Michael completed his doctorate in linguistics at the University of Toronto in 1980. His thesis, supervised by Pierre Leon, was entitled "On intonation: functional, emotive, phonological." Michael would sometimes recall fondly his association with Martin Joos at the University of Toronto, and perhaps considered Joos as a model for his own professional life. Michael also had training as a musician and musicologist from his collegiate days, which helped him see the major issues in linguistics from a broad perspective.  

For many years, Michael was a fixture in his lab in the basement of the University of Calgary's Social Sciences building, where the history of the field came alive for students, with drum spectrographs and reel-to-reel machines on display alongside more contemporary technologies. In the early 90s he moved his lab up to the 8th floor, to a room with windows. One never knew whether one would be favoured with Chuvash geminates, non-human primate pant-hoots, or little-known opera arias. Michael devoted much of his time on campus to helping graduate students make headway on their research projects, and generally sharing the many facets of his linguistics expertise with them.

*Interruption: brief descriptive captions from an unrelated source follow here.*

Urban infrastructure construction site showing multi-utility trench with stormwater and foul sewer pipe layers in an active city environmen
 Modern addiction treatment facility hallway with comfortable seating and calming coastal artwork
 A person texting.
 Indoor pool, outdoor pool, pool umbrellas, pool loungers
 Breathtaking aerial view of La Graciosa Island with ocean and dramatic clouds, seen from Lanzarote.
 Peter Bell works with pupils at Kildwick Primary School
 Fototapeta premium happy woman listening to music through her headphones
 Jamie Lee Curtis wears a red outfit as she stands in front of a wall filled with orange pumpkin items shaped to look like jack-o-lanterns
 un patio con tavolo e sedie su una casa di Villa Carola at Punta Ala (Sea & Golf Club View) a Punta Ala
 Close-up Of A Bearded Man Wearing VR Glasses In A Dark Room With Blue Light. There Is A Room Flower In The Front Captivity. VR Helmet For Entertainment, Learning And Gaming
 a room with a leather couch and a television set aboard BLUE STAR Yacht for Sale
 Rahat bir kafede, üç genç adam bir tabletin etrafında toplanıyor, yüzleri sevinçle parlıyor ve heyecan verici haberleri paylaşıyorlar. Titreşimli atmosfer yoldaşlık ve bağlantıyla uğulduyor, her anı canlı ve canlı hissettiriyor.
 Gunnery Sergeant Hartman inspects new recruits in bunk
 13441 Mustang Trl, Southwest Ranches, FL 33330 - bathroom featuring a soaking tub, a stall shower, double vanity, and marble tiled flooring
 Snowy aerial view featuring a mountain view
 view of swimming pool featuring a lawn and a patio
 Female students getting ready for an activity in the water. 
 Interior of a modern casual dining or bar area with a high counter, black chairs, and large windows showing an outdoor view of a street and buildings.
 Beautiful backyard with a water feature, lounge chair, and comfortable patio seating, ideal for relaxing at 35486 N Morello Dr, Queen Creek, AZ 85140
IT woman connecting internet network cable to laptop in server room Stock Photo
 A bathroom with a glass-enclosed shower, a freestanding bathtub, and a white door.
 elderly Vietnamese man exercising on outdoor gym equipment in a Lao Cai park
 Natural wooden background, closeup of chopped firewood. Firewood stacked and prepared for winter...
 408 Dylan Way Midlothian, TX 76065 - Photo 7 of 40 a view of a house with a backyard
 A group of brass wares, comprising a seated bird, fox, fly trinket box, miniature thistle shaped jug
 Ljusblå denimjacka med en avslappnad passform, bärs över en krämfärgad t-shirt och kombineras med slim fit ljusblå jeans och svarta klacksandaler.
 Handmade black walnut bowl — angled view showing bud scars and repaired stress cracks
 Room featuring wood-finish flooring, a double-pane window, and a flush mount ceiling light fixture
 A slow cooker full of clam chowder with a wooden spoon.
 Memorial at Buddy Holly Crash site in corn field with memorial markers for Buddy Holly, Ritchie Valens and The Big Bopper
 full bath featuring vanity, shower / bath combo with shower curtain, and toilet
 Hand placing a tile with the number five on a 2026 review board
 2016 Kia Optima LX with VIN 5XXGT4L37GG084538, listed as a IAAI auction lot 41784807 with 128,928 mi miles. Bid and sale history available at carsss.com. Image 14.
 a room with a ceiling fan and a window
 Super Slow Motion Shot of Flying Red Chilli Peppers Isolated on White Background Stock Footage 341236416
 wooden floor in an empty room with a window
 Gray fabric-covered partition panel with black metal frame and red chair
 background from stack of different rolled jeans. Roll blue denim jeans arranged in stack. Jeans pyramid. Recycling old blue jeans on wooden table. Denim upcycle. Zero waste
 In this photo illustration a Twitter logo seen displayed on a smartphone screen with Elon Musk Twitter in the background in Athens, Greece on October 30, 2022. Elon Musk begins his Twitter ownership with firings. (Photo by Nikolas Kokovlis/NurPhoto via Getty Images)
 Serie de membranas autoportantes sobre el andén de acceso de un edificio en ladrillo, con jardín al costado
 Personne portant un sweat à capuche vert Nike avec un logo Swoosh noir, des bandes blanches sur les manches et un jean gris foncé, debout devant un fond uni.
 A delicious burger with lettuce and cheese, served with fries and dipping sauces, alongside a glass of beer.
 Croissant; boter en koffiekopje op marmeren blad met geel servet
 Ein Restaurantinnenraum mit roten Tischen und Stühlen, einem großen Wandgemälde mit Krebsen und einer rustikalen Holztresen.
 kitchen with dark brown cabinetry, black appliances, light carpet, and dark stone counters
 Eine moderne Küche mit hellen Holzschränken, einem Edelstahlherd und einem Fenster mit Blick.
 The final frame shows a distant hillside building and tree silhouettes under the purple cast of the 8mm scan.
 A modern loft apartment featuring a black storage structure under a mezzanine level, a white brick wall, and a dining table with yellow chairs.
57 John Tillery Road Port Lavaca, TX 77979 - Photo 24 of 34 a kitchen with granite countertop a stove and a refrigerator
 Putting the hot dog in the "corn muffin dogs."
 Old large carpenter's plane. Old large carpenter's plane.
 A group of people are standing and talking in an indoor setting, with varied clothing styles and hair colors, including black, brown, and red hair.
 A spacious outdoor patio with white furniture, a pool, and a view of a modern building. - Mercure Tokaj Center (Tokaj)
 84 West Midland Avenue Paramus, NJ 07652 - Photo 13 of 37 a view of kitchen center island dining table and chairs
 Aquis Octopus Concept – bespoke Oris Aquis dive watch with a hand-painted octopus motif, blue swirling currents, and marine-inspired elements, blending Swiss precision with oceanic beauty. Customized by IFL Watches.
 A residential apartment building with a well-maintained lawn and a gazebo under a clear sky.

Undergraduate teaching held a special place in Michael's professional life. He set the highest possible standards for himself and his students. His dedication to teaching culminated in the creation of the introductory linguistics text Contemporary Linguistic Analysis, which he co-edited, and partly coauthored, with William O'Grady (initially also at the University of Calgary, now at the University of Hawai'i at Manoa). This text has been influential around the world and is still in press - currently going into its 8th edition. Through this project, Michael's influence will live on.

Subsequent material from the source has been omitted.